- _WHAT YOU SHOULD DO_:
Omitting all images, set down every line below exactly as it appears.

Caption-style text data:
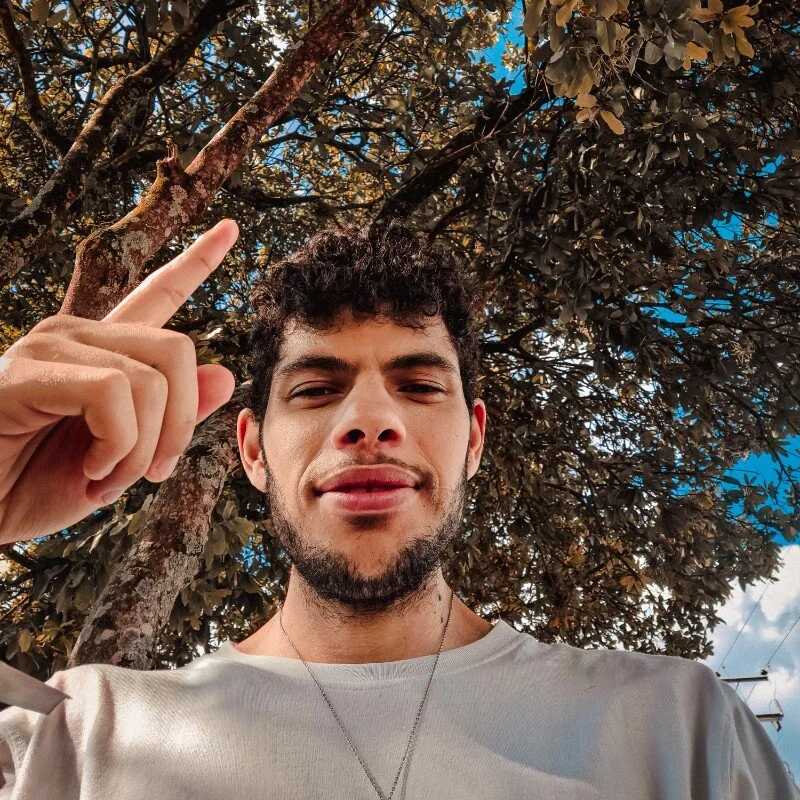 cesarmonsalve_24 — FansOnlyX creator profile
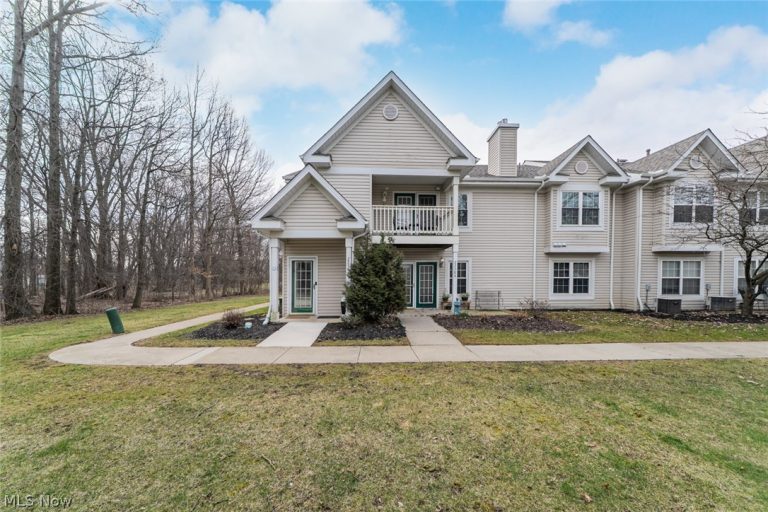 22586 Lenox Drive, Fairview Park, OH - Photo 2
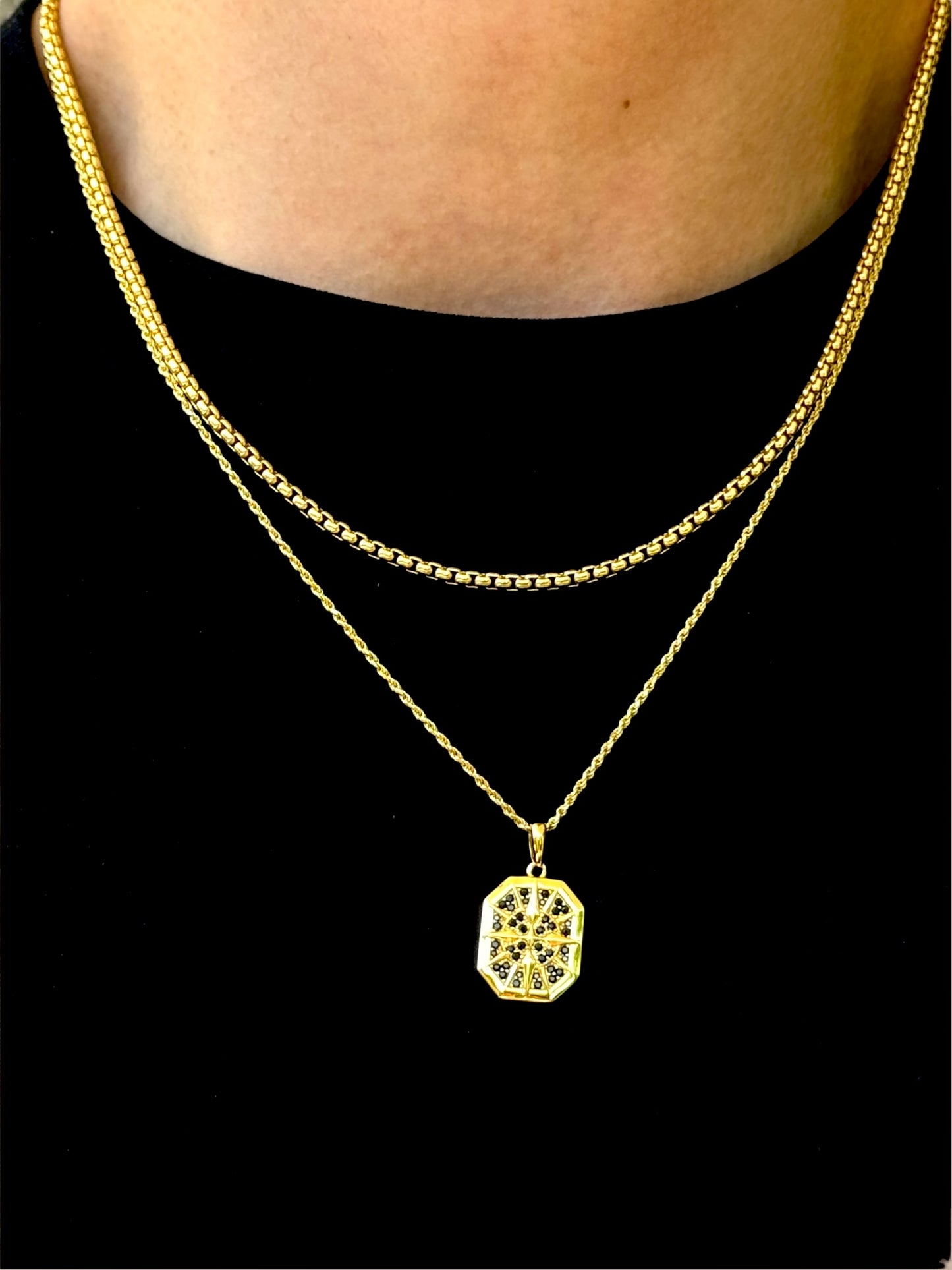 Men's star necklace with zirconia and black stones – 925 silver, 18K gold-plated, unisex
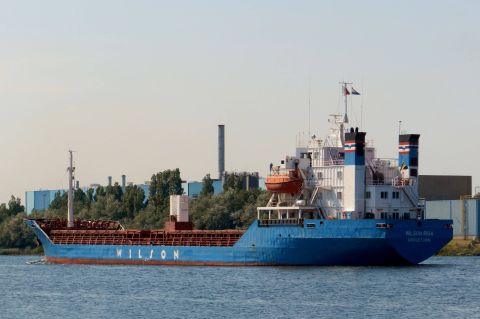 WILSON RIGA in IJmuiden, 1 jul 2015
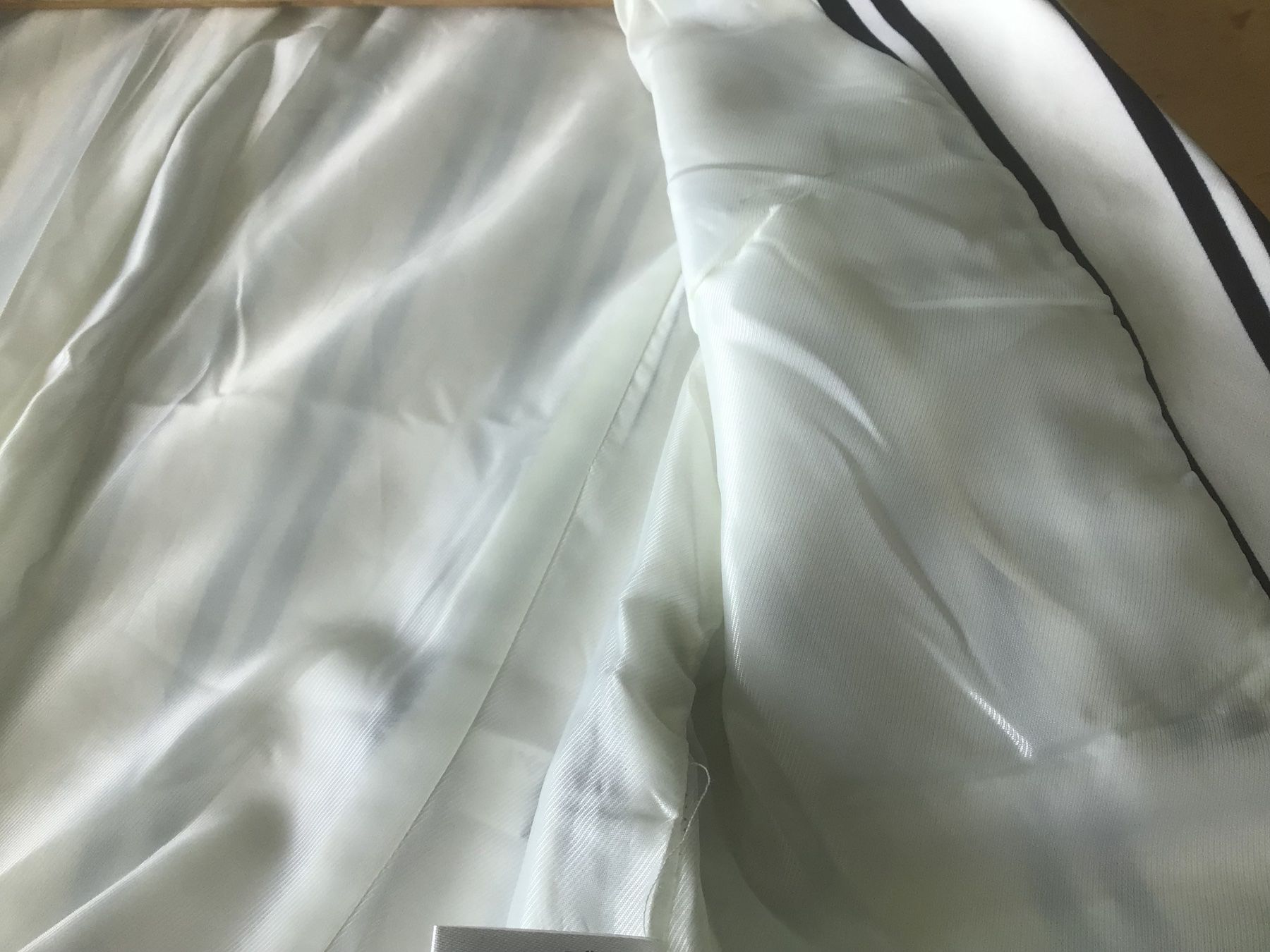 Giacche: Neue Blazer gr. M Creme/schwarz – Nuovo (secondo la descrizione) da Untersiggenthal venduto da Kopkop 5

- _ANSWER_:
 cesarmonsalve_24 — FansOnlyX creator profile
 22586 Lenox Drive, Fairview Park, OH - Photo 2
 Men's star necklace with zirconia and black stones – 925 silver, 18K gold-plated, unisex
 WILSON RIGA in IJmuiden, 1 jul 2015
 Giacche: Neue Blazer gr. M Creme/schwarz – Nuovo (secondo la descrizione) da Untersiggenthal venduto da Kopkop 5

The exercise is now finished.